Problem statement
Output a character-exact copy of the data, images removed.

Recorded information
━━━━━━
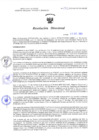 Vista preliminar de documento Resolucion Directoral 292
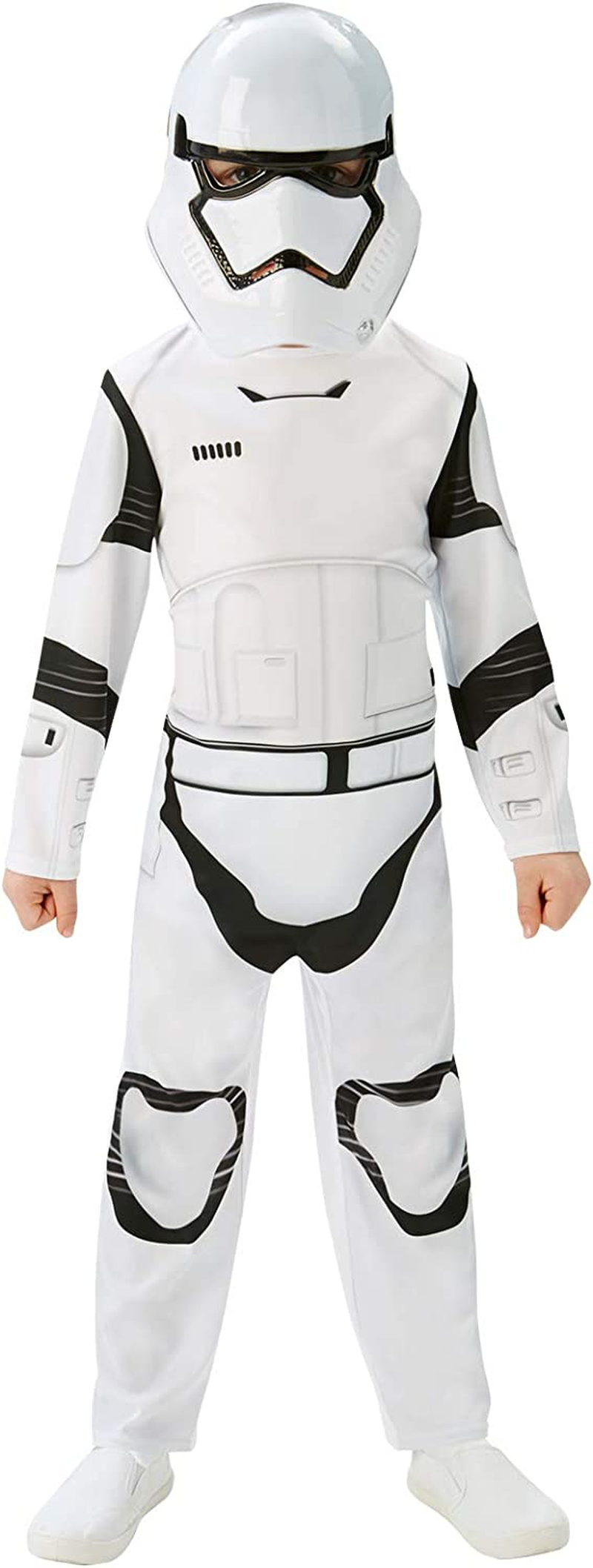 Rubie's Stormtrooper Costume for Kids - Star Wars - Picture 2 of 14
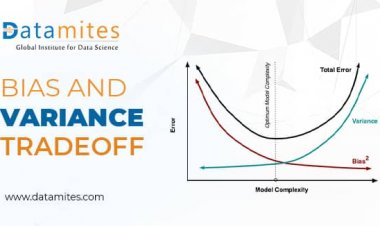 Bias and Variance TradeOff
━━━━━━
Reply to the task
 Vista preliminar de documento Resolucion Directoral 292
 Rubie's Stormtrooper Costume for Kids - Star Wars - Picture 2 of 14
 Bias and Variance TradeOff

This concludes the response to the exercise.